L’action en responsabilité pour la réparation de dommages affectant l’ouvrage débute, dans la très grande majorité des cas, par la désignation d’un expert judiciaire devant le juge des référés.
Comme toute action en justice, l’assignation en référé interrompt la prescription de l’action en responsabilité jusqu’au prononcé de l’ordonnance (article 2246 du code civil). A compter de cette date, un nouveau délai de prescription recommence donc à courir.
En droit de la construction, l’assignation en référé doit également, pour produire pleinement son effet interruptif de prescription, décrire les désordres invoqués.
L’on sait que, pour les immeubles soumis au statut de la copropriété, le syndicat des copropriétaires est, en principe, seul recevable à agir en justice pour la réparation des désordres touchant aux parties communes ou affectant l’immeuble.
Le syndic de la copropriété, qui représente le syndicat des copropriétaires, doit en principe être habilité par l’assemblée générale des copropriétaires afin d’exercer toute action en justice, sauf dans le cadre d’une procédure initiée devant le juge des référés. (article 55 du décret n°67-223 du 17 mars 1967)
Classiquement, l’assignation en justice est donc introduite au nom du syndicat des copropriétaires, lequel est représenté par son syndic en exercice.
Toutefois, dans la présente affaire, la situation se présentait sous un angle légèrement différent.

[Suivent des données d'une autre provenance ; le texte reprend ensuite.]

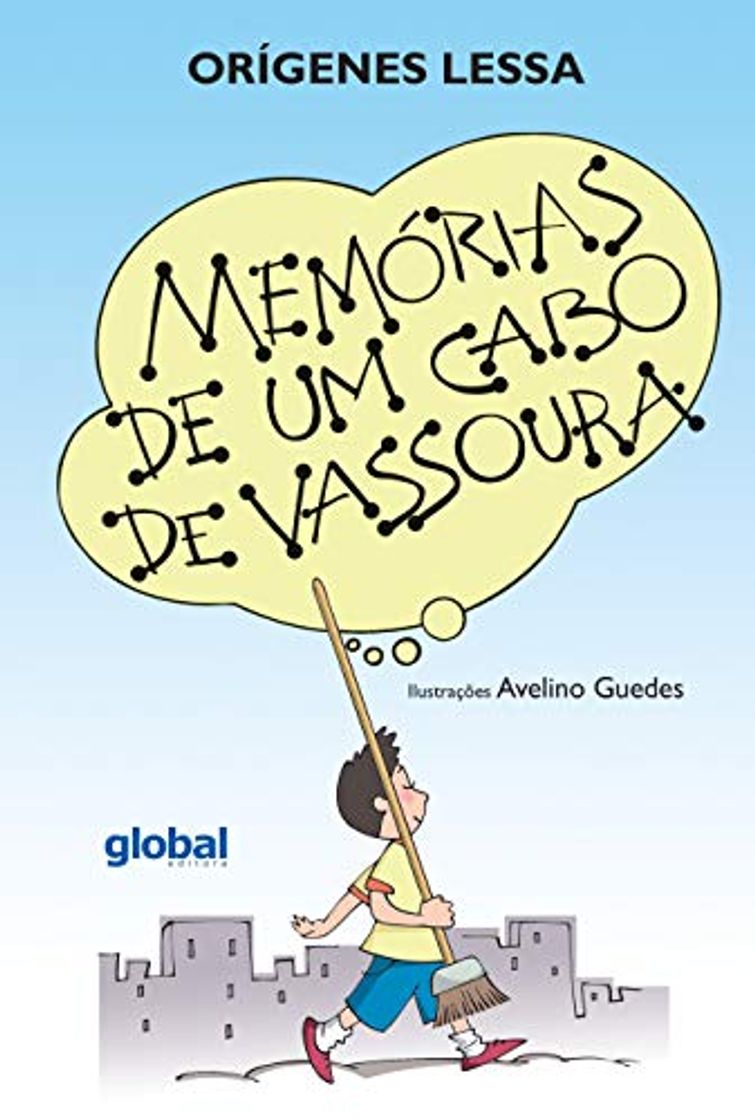 Book Memórias de Um Cabo de Vassoura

En l’espèce, la Cour d’appel s’était retrouvée dans une situation singulière dans la mesure où l’acte introductif d’instance permettant d’obtenir, la désignation en référé d’un expert judiciaire, faisait seulement état d’une procédure initiée au nom du ‘syndic agissant au nom des copropriétaires de l’immeuble’, aucune référence précise au syndicat des copropriétaires n’apparaissant formellement dans l’acte, pas plus que dans le cadre des opérations d’expertise.
La Cour d’appel avait donc tiré la conclusion que l’action en responsabilité lancée ultérieurement au fond, cette fois-ci au nom du syndicat des copropriétaires, était prescrite du fait que l’instance en référé n’avait pu valablement produire son effet interruptif de prescription, considérant que le syndicat des copropriétaires n’avait jamais été demanderesse à l’instance en référé.
Elle avait également constaté que l’assignation en référé ne décrivait pas les désordres.
La Cour de cassation ne retient pas l’analyse des juges du fond et adopte ici une position beaucoup plus souple.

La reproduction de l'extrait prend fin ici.